В эпоху распространения книгопечатания, на рубеже между письменностью и устной традицией, продолжали существовать и старые, уходящие корнями в далекое прошлое жанры. Какие-то предвестия так называемой исторической поэмы можно обнаружить уже у Анонимуса, но самый ранний текстовой памятник этого жанра, «Битва Шабаца», родился лишь в конце XV в. Книгопечатание поначалу скорее способствовало, чем мешало моде на исторические поэмы, хотя те распространялись главным образом устным путем. Сказитель («хегедёш»), исполнял произведение чаще всего для неграмотной публики, однако сам он был грамотным; более того: у него имелся какой-то свод, сборник рукописей, который назывался книга, или хроника; туда он заносил тексты исполняемой им программы. «На Христа душою уповаю я, / вторая опора — хроника моя», — говорит неизвестный автор «Песни сендрейского хегедёша» (40-е годы XVI в.). Крупнейший представитель этого жанра, Шебештен Тиноди, даже издал свои исторические поэмы в книге под названием «Cronica» (1554). Сборник этот он мыслил отчасти уже и как книгу для чтения, в основном же — как пособие, как рабочее средство для других хегедёшей, которые разнесут его произведения по всей стране, знакомя с ними тех, кто не умеет читать или читает с трудом, пение же слушать любит. С этой целью Тиноди даже снабдил тексты нотами. Многие юные венгры до сих пор на уроках пения заучивают мелодию, обозначенную над текстом его поэмы «Итоги Эгерской истории».

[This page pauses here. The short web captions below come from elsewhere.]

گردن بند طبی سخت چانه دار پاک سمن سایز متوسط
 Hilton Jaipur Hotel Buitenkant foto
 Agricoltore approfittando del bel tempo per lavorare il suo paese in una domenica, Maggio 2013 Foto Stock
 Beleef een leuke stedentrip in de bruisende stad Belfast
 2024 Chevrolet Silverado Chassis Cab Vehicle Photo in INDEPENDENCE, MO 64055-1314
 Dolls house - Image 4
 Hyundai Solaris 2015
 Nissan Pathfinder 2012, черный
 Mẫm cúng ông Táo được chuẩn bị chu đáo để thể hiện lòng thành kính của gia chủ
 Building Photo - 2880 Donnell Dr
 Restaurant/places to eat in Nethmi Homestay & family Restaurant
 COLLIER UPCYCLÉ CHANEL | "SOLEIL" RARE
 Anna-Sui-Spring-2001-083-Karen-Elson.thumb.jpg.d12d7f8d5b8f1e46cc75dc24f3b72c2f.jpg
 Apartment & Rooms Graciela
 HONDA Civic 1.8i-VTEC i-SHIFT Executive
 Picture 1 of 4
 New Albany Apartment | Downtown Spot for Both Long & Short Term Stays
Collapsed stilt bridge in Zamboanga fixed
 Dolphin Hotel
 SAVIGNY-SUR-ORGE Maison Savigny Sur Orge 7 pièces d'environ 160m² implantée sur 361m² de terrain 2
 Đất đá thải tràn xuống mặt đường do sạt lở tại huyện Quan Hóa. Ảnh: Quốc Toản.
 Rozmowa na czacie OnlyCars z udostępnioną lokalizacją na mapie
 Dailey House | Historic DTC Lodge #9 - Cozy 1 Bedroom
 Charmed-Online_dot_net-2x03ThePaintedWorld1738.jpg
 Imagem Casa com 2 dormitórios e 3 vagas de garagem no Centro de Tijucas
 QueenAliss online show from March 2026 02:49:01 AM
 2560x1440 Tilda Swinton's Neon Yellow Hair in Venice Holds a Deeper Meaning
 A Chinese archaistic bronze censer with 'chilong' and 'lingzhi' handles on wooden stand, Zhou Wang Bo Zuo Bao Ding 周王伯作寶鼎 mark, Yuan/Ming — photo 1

Художественная непритязательность исторической поэмы общеизвестна. Частое употребление морфемных рифм или даже тавтологических рифм (авторифм) обычно объясняют недостаточной поэтической изобретательностью авторов. Все это так, однако нельзя не учитывать и того, что жанр исторической поэмы — жанр весьма древний. Повествования об исторических событиях пелись уже в те времена, когда не только слушатели, но и сам поэт был неграмотным — и нередко вынужден был импровизировать, опираясь при этом лишь на свою память да на способность находить выход из любого положения. Импровизатору же приходится волей-неволей прибегать к повторам.